Evalaute the Prophet model predictions against real prices and compare profits

Stocker.evaluate_prediction(start_date=None, end_date=None, nshares=1000)

Evalutes a trading strategy informed by the prophet model for between the specified start and end date. The model is trained on 3 years of data prior to the test period and makes predictions for the given date range. The default evaluation range is the last year of the data. The predictions for the evaluation period are then compared to the known stock price values to determine the profits (or losses) from using the prophet strategy. The strategy states that for a given day, we buy a stock if the model predicts it will increase. If the model predicts it will decrease, we do not play the market on that day. Our profit, if we bought the stock, is the change in the price of the stock over that day. Therefore, if we predict the stock will go up and the price does go up, we will make the change in price times the number of shares. If the price goes down, we lose the change times the number of shares.

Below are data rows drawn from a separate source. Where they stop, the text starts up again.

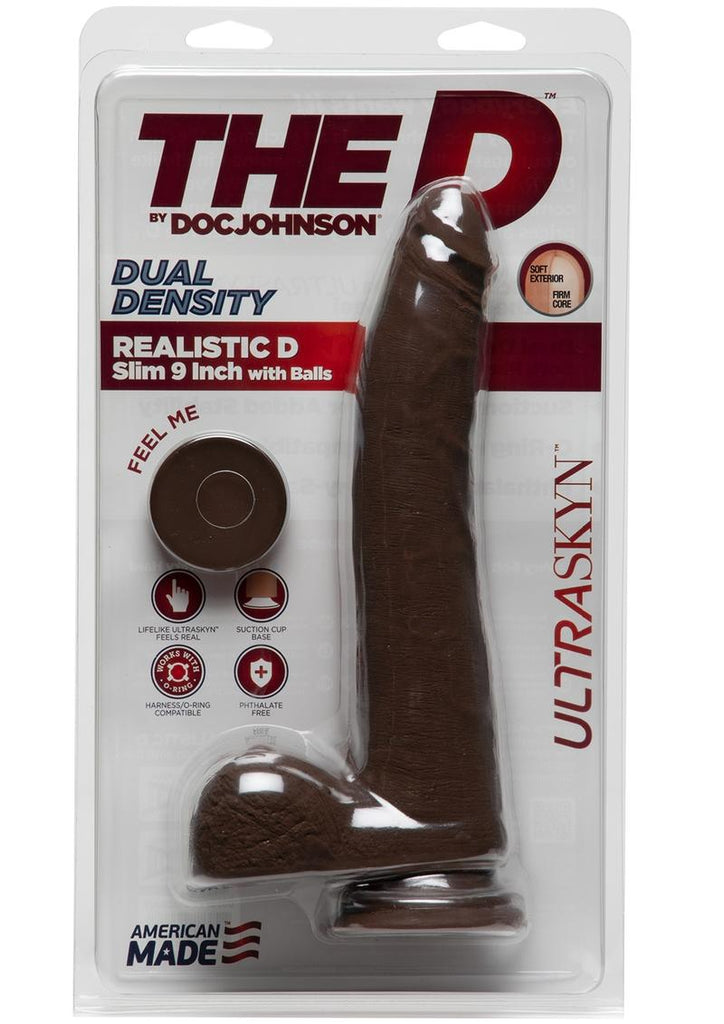The D Realistic D Ultraskyn Slim Dildo with Balls - Chocolate - 9in
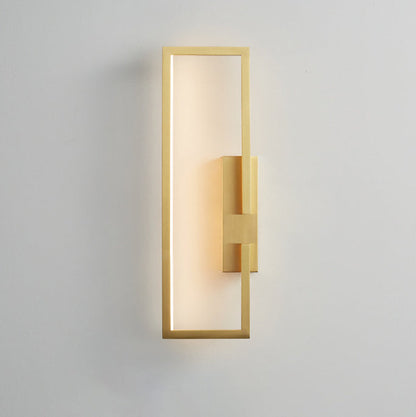 Modern Mid-century All Copper Rectangular Geometric LED Wall Sconce Lamp For Bedside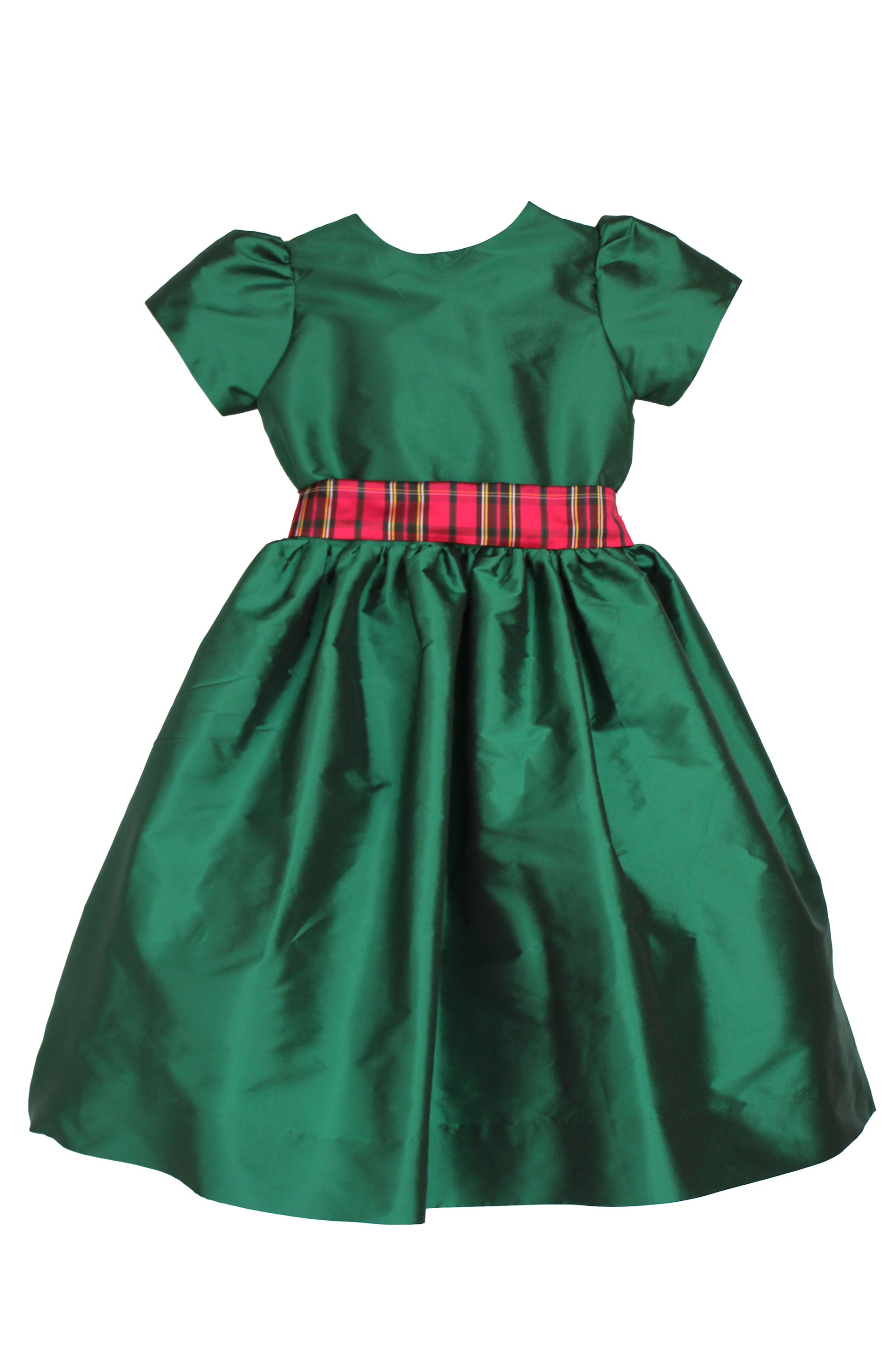 Susanne Lively Girls Green Christmas Party Dress - Red Holiday Plaid V-Back & Sash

Printed output is the final predicted price, the final actual price, the profit from the model strategy, and the profit from a buy and hold strategy over the same period. Graphs of the predictions versus the actual values and the expected profit from both strategies over time are also displayed.

Predict future prices

Stocker.predict_future(days=30)

Makes a prediction for the specified number of days in the future using a prophet model trained on the past 3 years of data. Printed output is the final predicted value of the stock, the days on which the stock is expected to increase, and the days when it is expected to decrease. A graph also shows these results with uncertainty intervals.